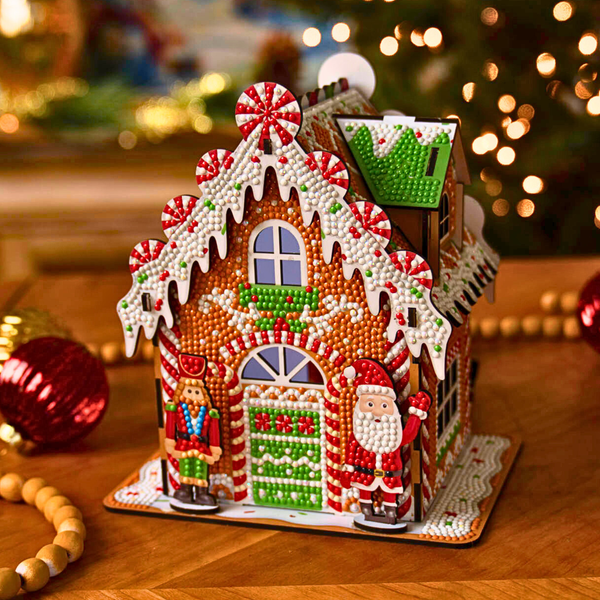 3D Gingerbread House Diamond Painting Kit | Stand-Up Decoration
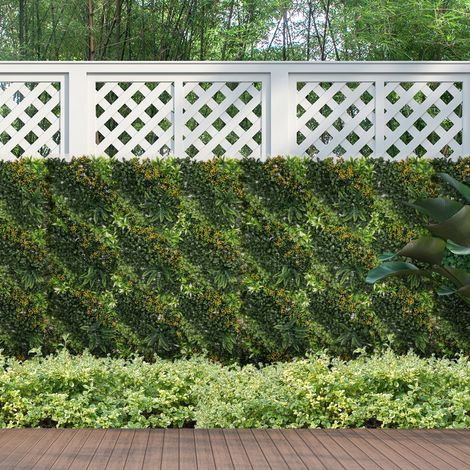 Lot de 12 haies artificielles murales, 50 x 50 cm, protection UV, brise-vue, feuillage varié, idéales pour la décoration de jardin et d'extérieur.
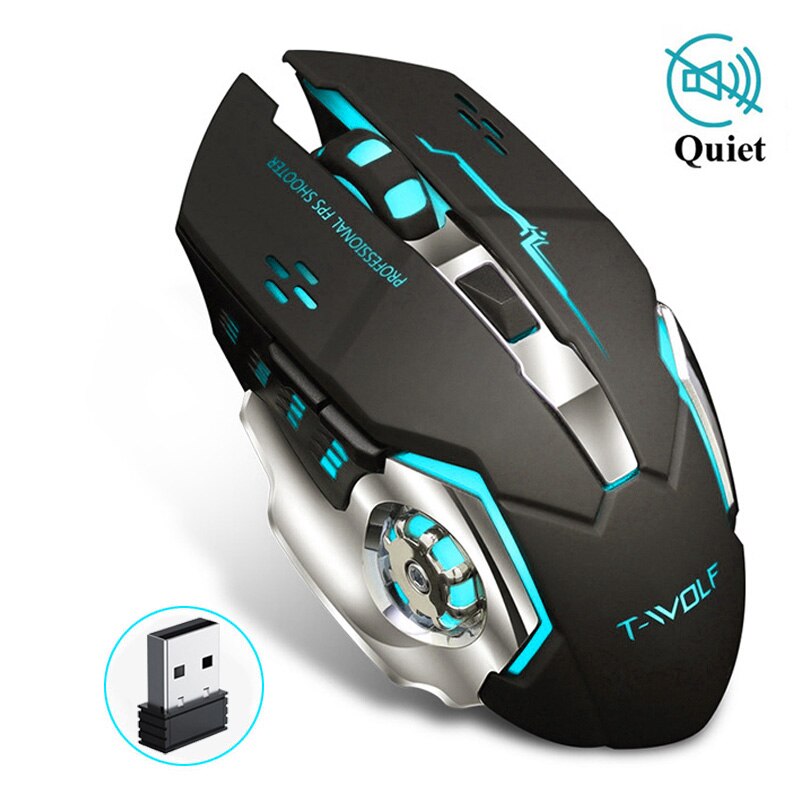 Sem fio gaming mouse 2400 dpi recarregável ajustável 7 cores backlight respiração gamer mouse jogo ratos para computador portátil: Q-13 Black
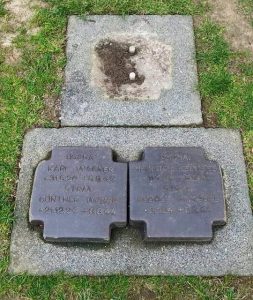 Michael Wittmann's grave after the headstone was stolen in July 2015.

== WHAT IS NEEDED ==
Write out the lines from the start of the material to the line with "Lot de 12 haies", inclusive and exactly. Skip the pictures.

== RESULT ==
 3D Gingerbread House Diamond Painting Kit | Stand-Up Decoration
 Lot de 12 haies artificielles murales, 50 x 50 cm, protection UV, brise-vue, feuillage varié, idéales pour la décoration de jardin et d'extérieur.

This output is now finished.